Carolino Caracol ya no se sentía cómodo adentro de su caparazón.
En el último tiempo había crecido y engordado. Si se estiraba, chocaba las antenas contra el techo. Debía esquivar el televisor para pasar al baño. En la cocina faltaba espacio para los platos y las ollas. El ropero quedaba chico para toda su ropa. No había suficientes enchufes y cuando escuchaba la radio no podía trabajar en su PC. Si quería abrir las ventanas, debía guardar panza. Además, hacía malabares para no pisar las necesidades de Antulio, su pulgón pekinés.
Encima, estaba harto de ir y venir con la casa a cuestas.
—¡Antulio, nos mudamos! —dijo una tarde.
Le vendió su caparazón de tres ambientes y totalmente amoblado a un gusano y se fueron a buscar un departamento para alquilar, de ésos que ocupan los humanos. Se llevaron sólo dos valijas. Vieron muchos y se quedaron con living, cocina-comedor, cuatro habitaciones, baño y balcón a la calle. Quedaba en un séptimo piso.
—¡Esto necesitaba: espacio! —exclamó Carolino feliz, perdido en la cama de tres plazas que se compró. Antulio, ni se veía en su desmesurada cuchita.
Los vecinos eran amables y nada ruidosos. A dos pasos había un supermercado y enfrente, un parquecito. Eso sí, cuando iba a hacer compras o a pasear al pulgón, Carolino debía ir a los gritos:
—¡Ojo, no me pisen, que no soy chicle! ¡No me echen sal, que no soy babosa!
Con el tiempo, no se sintió tan a gusto en su nuevo hogar. Era muy, muy, muy grande y además todo le quedaba muy, muy, muy alto o muy, muy, muy lejos.

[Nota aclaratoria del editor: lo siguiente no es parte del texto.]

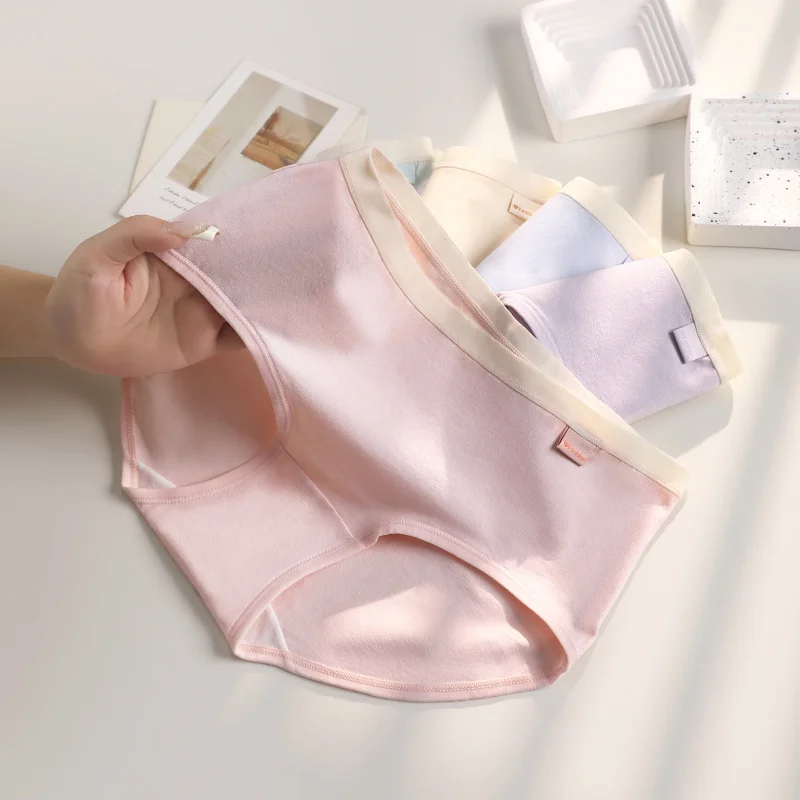 여성용 통기성 브리프, 엉덩이 리프터, 심리스 팬티, 섹시 란제리, 코튼 속옷, 여성용 플러스 사이즈, 3 개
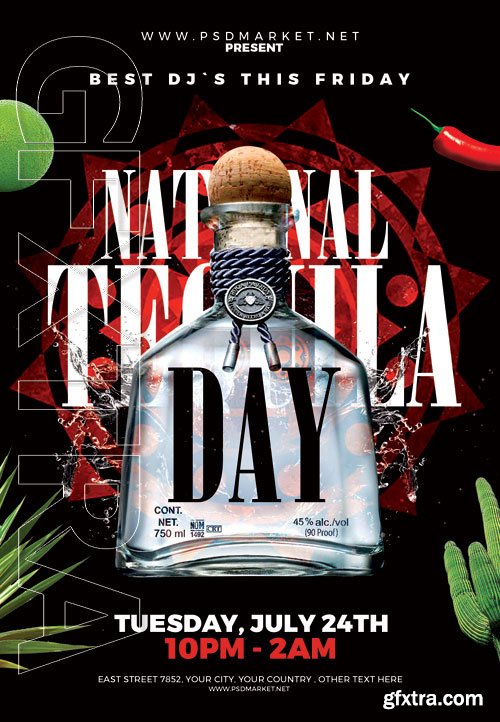 Tequila day - Premium flyer psd template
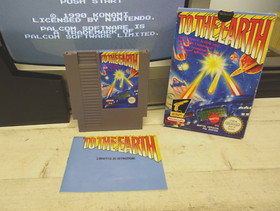 To The Earth Nintendo 8 Bit NES Pal Italian Version 1989 Boxed & Tested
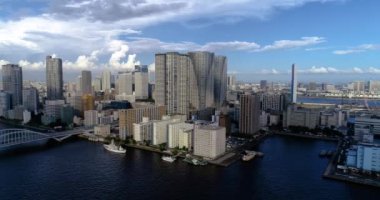 Tokyo körfezi havadan görünüyor.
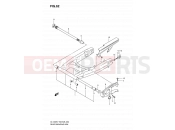 SUZUKI DL1000 K7 (2007) V-Strom (E03,E28,E33) 62 - REAR SWINGING ARM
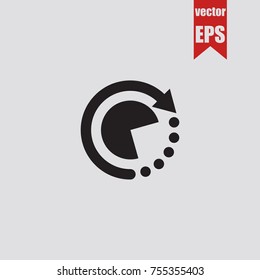 Reload icon in trendy isolated on grey background.Vector illustration.
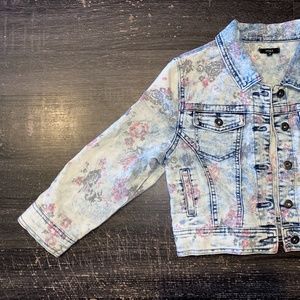 Floral Jean Jacket
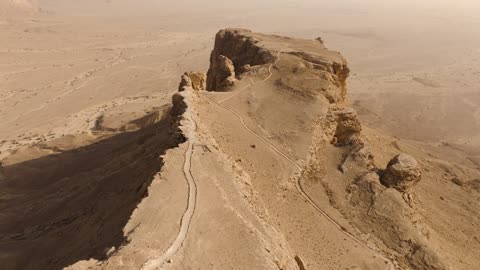 Tuwaiq Mountains Saudi Arabia Aerial Drone Desert Landscape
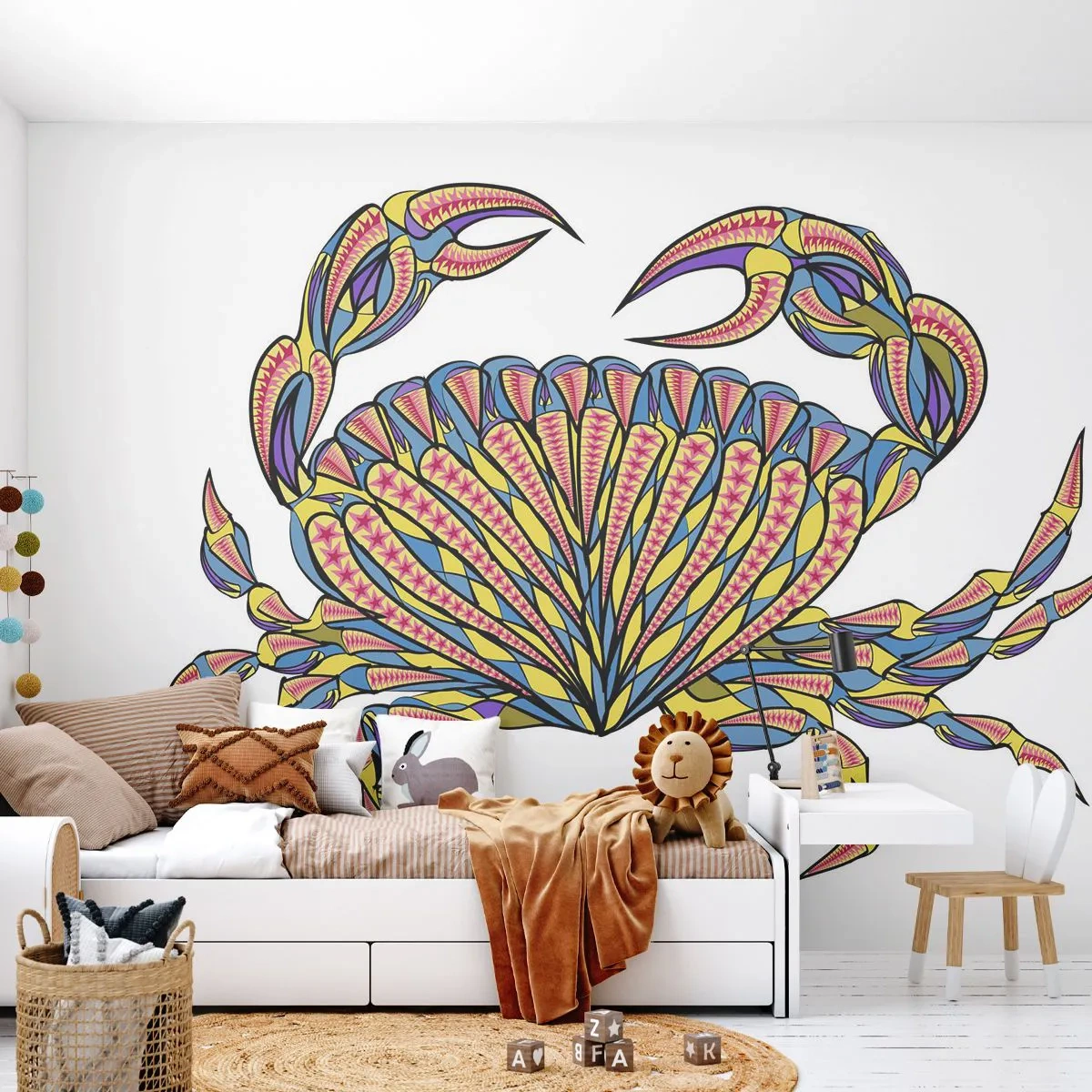 Fototapet Standard Eco - Havssmycken - Krabba, För barn, Grafik - 200x140 cm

Para ir al baño demoraba dos días. Subir a la alacena era una expedición digna de andinistas. Hacerse un huevo frito, una operación de semanas. Una vez se descompuso el ascensor y cuando llegó al séptimo piso, se le había podrido la pizza que fue a comprar.
También había riesgos. Casi se achicharra intentando encender un fósforo. Estuvo a punto de ahogarse en el inodoro y Antulio casi muere aplastado por una galleta para perros. Ver
—¡Extraño mi caparazón! —aceptó Carolino muerto de frío cuando la puerta de la heladera se le cerró dejándolo prisionero por doce horas. Antulio también andaba melancólico: ladraba poco o nada, tenía los ojos llorones y hacía pis en los almohadones. Algo reclamaba.
Hicieron los valijas y se mandaron mudar. Pero el gusano no quiso devolverle el caparazón.
—¿Y yo dónde voy? —le retrucó.
Carolino no podía comprárselo porque se había gastado todo el dinero en su vida de gigante. Le quedaban unas monedas.
—¡Podemos compartir! —le propuso.
—Creerás que soy un gusano, pero prefiero la privacidad. Además soy alérgico a los pulgones —se disculpó el otro.
Carolino intentó convencerlo con que un caracol debe vivir acorde a su realidad y no estirarse más de lo que le dan las antenas.
—Lo hubieras pensado antes —le respondió—. Conseguime un lugar digno de un gusano y me voy. ¡Pero que no sea una tumba, eh!
Deprimido, el caracol se fue a dar una vuelta a la manzana y tuvo la idea. Fue a la frutería y con el poco dinero que tenía compró un kilo de manzanas rojas y uno de las verdes.
—Ahí tenés: dos kilos de casitas dignas de un gusano —le dijo. Al otro le encantó. Jamás soñó tener tantas propiedades. Abriría una inmobiliaria.
Ahora, Carolino y Antulio disfrutan dentro del caparazón. Siguen teniendo poco espacio, pero se sienten en casa.
—¡No hay lugar como el hogar! —suspira Carolino cuando guarda panza para abrir las ventanas.